> [RECORD SET]:

::::::

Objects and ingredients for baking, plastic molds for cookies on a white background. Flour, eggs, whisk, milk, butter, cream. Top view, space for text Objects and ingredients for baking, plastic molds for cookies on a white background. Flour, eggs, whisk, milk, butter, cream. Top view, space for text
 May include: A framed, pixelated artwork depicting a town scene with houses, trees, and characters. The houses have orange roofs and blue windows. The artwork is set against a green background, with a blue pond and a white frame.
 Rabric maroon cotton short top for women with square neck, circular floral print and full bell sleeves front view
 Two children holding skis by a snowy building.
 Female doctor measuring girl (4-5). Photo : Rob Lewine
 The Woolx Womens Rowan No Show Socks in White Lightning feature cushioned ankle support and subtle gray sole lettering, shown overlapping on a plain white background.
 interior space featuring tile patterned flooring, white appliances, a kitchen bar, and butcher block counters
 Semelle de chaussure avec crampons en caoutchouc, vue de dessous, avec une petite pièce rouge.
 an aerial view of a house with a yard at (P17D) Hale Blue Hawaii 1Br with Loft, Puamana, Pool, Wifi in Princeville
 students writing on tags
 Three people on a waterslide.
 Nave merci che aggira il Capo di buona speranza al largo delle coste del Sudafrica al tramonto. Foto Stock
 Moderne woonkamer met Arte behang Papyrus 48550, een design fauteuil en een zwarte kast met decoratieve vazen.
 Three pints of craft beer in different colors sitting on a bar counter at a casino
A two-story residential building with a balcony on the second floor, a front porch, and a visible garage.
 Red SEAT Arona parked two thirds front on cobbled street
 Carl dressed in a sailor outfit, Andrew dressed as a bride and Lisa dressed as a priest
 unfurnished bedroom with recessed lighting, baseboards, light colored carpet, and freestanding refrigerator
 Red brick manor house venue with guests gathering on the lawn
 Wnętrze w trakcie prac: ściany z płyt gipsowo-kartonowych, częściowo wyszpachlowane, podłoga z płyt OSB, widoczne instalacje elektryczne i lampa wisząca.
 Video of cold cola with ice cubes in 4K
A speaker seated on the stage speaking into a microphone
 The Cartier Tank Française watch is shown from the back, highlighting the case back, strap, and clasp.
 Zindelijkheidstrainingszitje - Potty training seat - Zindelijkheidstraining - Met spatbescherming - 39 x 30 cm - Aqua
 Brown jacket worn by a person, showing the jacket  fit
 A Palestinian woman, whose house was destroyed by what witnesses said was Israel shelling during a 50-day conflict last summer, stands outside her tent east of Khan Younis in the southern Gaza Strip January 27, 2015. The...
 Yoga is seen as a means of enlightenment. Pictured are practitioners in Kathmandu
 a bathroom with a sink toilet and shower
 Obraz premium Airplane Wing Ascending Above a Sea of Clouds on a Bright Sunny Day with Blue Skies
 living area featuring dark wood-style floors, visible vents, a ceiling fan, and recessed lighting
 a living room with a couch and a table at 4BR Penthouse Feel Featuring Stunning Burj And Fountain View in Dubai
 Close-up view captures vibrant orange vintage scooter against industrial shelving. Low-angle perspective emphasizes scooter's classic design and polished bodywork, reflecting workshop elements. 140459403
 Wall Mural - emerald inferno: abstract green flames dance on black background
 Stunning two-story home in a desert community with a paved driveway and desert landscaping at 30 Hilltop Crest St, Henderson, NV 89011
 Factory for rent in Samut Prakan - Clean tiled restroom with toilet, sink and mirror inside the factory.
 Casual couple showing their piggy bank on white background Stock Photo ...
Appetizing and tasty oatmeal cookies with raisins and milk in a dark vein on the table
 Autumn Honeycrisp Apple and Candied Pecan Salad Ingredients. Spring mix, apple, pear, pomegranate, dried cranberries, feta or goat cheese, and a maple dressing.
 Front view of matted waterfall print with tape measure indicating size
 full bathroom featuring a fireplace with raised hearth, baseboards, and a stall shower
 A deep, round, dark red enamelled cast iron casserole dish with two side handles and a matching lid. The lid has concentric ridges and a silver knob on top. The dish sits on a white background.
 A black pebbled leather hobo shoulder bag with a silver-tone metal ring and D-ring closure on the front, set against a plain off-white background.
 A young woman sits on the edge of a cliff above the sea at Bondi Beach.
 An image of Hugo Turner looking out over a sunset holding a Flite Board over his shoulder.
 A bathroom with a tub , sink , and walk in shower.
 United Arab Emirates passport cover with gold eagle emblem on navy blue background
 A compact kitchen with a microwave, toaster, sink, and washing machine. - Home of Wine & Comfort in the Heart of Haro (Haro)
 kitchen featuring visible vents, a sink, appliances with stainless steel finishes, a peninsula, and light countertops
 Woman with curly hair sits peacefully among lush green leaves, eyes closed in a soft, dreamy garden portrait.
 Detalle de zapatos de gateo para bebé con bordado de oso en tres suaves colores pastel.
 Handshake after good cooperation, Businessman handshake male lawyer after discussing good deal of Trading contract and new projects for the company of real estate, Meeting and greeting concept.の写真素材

::::::

> [YOUR TASK]: What you return should match the data character for character.

> [THE COMPLETED TASK]:
Objects and ingredients for baking, plastic molds for cookies on a white background. Flour, eggs, whisk, milk, butter, cream. Top view, space for text Objects and ingredients for baking, plastic molds for cookies on a white background. Flour, eggs, whisk, milk, butter, cream. Top view, space for text
 May include: A framed, pixelated artwork depicting a town scene with houses, trees, and characters. The houses have orange roofs and blue windows. The artwork is set against a green background, with a blue pond and a white frame.
 Rabric maroon cotton short top for women with square neck, circular floral print and full bell sleeves front view
 Two children holding skis by a snowy building.
 Female doctor measuring girl (4-5). Photo : Rob Lewine
 The Woolx Womens Rowan No Show Socks in White Lightning feature cushioned ankle support and subtle gray sole lettering, shown overlapping on a plain white background.
 interior space featuring tile patterned flooring, white appliances, a kitchen bar, and butcher block counters
 Semelle de chaussure avec crampons en caoutchouc, vue de dessous, avec une petite pièce rouge.
 an aerial view of a house with a yard at (P17D) Hale Blue Hawaii 1Br with Loft, Puamana, Pool, Wifi in Princeville
 students writing on tags
 Three people on a waterslide.
 Nave merci che aggira il Capo di buona speranza al largo delle coste del Sudafrica al tramonto. Foto Stock
 Moderne woonkamer met Arte behang Papyrus 48550, een design fauteuil en een zwarte kast met decoratieve vazen.
 Three pints of craft beer in different colors sitting on a bar counter at a casino
A two-story residential building with a balcony on the second floor, a front porch, and a visible garage.
 Red SEAT Arona parked two thirds front on cobbled street
 Carl dressed in a sailor outfit, Andrew dressed as a bride and Lisa dressed as a priest
 unfurnished bedroom with recessed lighting, baseboards, light colored carpet, and freestanding refrigerator
 Red brick manor house venue with guests gathering on the lawn
 Wnętrze w trakcie prac: ściany z płyt gipsowo-kartonowych, częściowo wyszpachlowane, podłoga z płyt OSB, widoczne instalacje elektryczne i lampa wisząca.
 Video of cold cola with ice cubes in 4K
A speaker seated on the stage speaking into a microphone
 The Cartier Tank Française watch is shown from the back, highlighting the case back, strap, and clasp.
 Zindelijkheidstrainingszitje - Potty training seat - Zindelijkheidstraining - Met spatbescherming - 39 x 30 cm - Aqua
 Brown jacket worn by a person, showing the jacket  fit
 A Palestinian woman, whose house was destroyed by what witnesses said was Israel shelling during a 50-day conflict last summer, stands outside her tent east of Khan Younis in the southern Gaza Strip January 27, 2015. The...
 Yoga is seen as a means of enlightenment. Pictured are practitioners in Kathmandu
 a bathroom with a sink toilet and shower
 Obraz premium Airplane Wing Ascending Above a Sea of Clouds on a Bright Sunny Day with Blue Skies
 living area featuring dark wood-style floors, visible vents, a ceiling fan, and recessed lighting
 a living room with a couch and a table at 4BR Penthouse Feel Featuring Stunning Burj And Fountain View in Dubai
 Close-up view captures vibrant orange vintage scooter against industrial shelving. Low-angle perspective emphasizes scooter's classic design and polished bodywork, reflecting workshop elements. 140459403
 Wall Mural - emerald inferno: abstract green flames dance on black background
 Stunning two-story home in a desert community with a paved driveway and desert landscaping at 30 Hilltop Crest St, Henderson, NV 89011
 Factory for rent in Samut Prakan - Clean tiled restroom with toilet, sink and mirror inside the factory.
 Casual couple showing their piggy bank on white background Stock Photo ...
Appetizing and tasty oatmeal cookies with raisins and milk in a dark vein on the table
 Autumn Honeycrisp Apple and Candied Pecan Salad Ingredients. Spring mix, apple, pear, pomegranate, dried cranberries, feta or goat cheese, and a maple dressing.
 Front view of matted waterfall print with tape measure indicating size
 full bathroom featuring a fireplace with raised hearth, baseboards, and a stall shower
 A deep, round, dark red enamelled cast iron casserole dish with two side handles and a matching lid. The lid has concentric ridges and a silver knob on top. The dish sits on a white background.
 A black pebbled leather hobo shoulder bag with a silver-tone metal ring and D-ring closure on the front, set against a plain off-white background.
 A young woman sits on the edge of a cliff above the sea at Bondi Beach.
 An image of Hugo Turner looking out over a sunset holding a Flite Board over his shoulder.
 A bathroom with a tub , sink , and walk in shower.
 United Arab Emirates passport cover with gold eagle emblem on navy blue background
 A compact kitchen with a microwave, toaster, sink, and washing machine. - Home of Wine & Comfort in the Heart of Haro (Haro)
 kitchen featuring visible vents, a sink, appliances with stainless steel finishes, a peninsula, and light countertops
 Woman with curly hair sits peacefully among lush green leaves, eyes closed in a soft, dreamy garden portrait.
 Detalle de zapatos de gateo para bebé con bordado de oso en tres suaves colores pastel.
 Handshake after good cooperation, Businessman handshake male lawyer after discussing good deal of Trading contract and new projects for the company of real estate, Meeting and greeting concept.の写真素材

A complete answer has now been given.